John Dunleavy, president of the parade’s organising committee, is a hate figure in the gay community for refusing to allow LGBT Irish-Americans to take part in the march down 5th Avenue on 17th March.

A gay presence has been banned since 1991.

Last year Mr Dunleavy compared gay people to prostitutes and neo-Nazis.

The New York event has historically attracted loud protest from gay rights groups.

In the 1990s several hundred arrests were made on average each year. Now, the figure does not typically exceed a dozen.

Now Mr Dunleavy has managed to offend New York City’s beloved firefighters, still regarded by many as the heroes of the attacks on the World Trade Centre on 11th September 2001.

They march with 343 flags, one for each of their colleagues who died that day.

He has moved them from the front to the middle of the parade, and accused many of drunkenness while in uniform in an interview with the weekly Irish Examiner USA.

“He’s made a huge mistake in trying to brand all New York City firefighters on something that he says he saw,” Uniformed Firefighters Association head Steve Cassidy told wjla.com. “It’s nonsense.”

Dunleavy is no stranger to controversial statements.

Last year, he reaffirmed his opposition to gay participation in the parade in an interview with the Irish Times:

“If an Israeli group wants to march in New York, do you allow neo-Nazis into their parade?

“If African Americans are marching in Harlem, do they have to let the Ku Klux Klan into their parade?

“People have rights. If we let the Irish Lesbian and Gay Organisation in, is it the Irish Prostitute Association next?”

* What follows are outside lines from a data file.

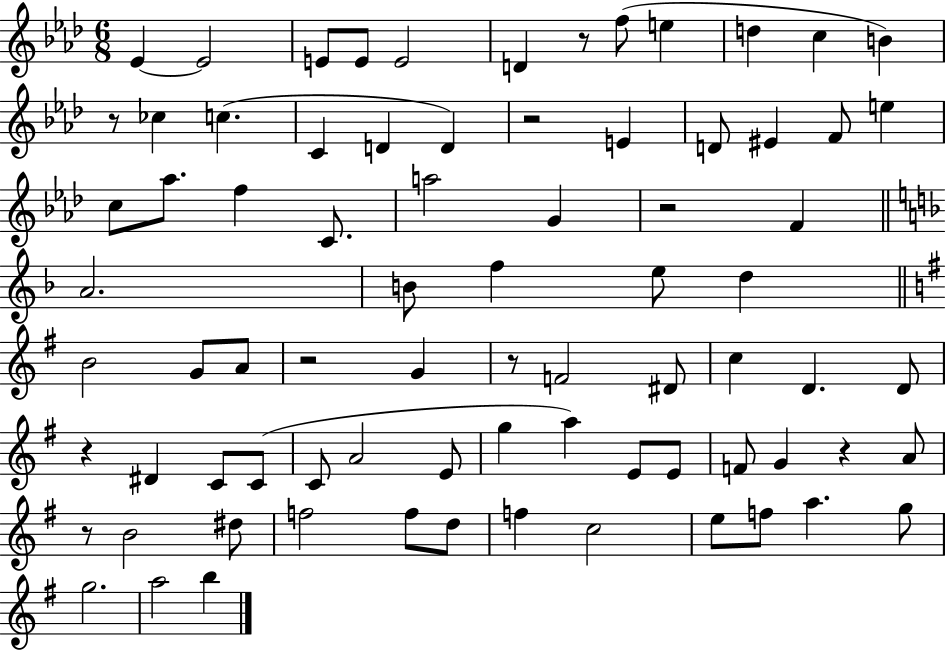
{
  \clef treble
  \numericTimeSignature
  \time 6/8
  \key aes \major
  \repeat volta 2 { ees'4~~ ees'2 | e'8 e'8 e'2 | d'4 r8 f''8( e''4 | d''4 c''4 b'4) | \break r8 ces''4 c''4.( | c'4 d'4 d'4) | r2 e'4 | d'8 eis'4 f'8 e''4 | \break c''8 aes''8. f''4 c'8. | a''2 g'4 | r2 f'4 | \bar "||" \break \key f \major a'2. | b'8 f''4 e''8 d''4 | \bar "||" \break \key g \major b'2 g'8 a'8 | r2 g'4 | r8 f'2 dis'8 | c''4 d'4. d'8 | \break r4 dis'4 c'8 c'8( | c'8 a'2 e'8 | g''4 a''4) e'8 e'8 | f'8 g'4 r4 a'8 | \break r8 b'2 dis''8 | f''2 f''8 d''8 | f''4 c''2 | e''8 f''8 a''4. g''8 | \break g''2. | a''2 b''4 | } \bar "|."
}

A pressure group called Irish Queers will be demonstrating at this year’s parade.

John Francis Mulligan, an Irish Queer organiser, said:

“St. Patrick’s Day in New York has become a call to action against bigotry. It’s scandalous that Mayor Bloomberg marches each year. It’s scandalous that uniformed police and firefighters march in a blatantly anti-gay event.”

Around two million people are expected on the streets of New York for the parade tomorrow, but the most senior gay person in the city’s government will not be there.

New York City Council speaker Christine Quinn, who is openly gay, will be marching in Dublin’s St. Patrick’s Day parade instead.

Quinn, a Democrat and second-most important city official after Mayor Bloomberg, said:

“My participation in Dublin’s parade is an opportunity to march openly as a member of the lesbian, gay, bisexual, transgender community, something we have not been able to do in New York City.

“I hope my participation in the Dublin march will send a message about the importance of inclusion,” she added.

Quinn was also critical of the decision to move the firefighters from the front of the parade:

“I think they should immediately move the fire department to the spot that they’ve historically been in the first place,” she said.

Tomorrow’s St Patrick’s Day parade will be the 246th in the city’s history.

Quinn, a potential candidate for the Mayor of New York City in 2009, is still hopeful that LGBT Irish-Americans will one day march.

When her attempts to negotiate a settlement last year failed, she said:

“I firmly believe that someday soon Irish LGBT New Yorkers will proudly and openly march up Fifth Avenue on St. Patrick’s Day.”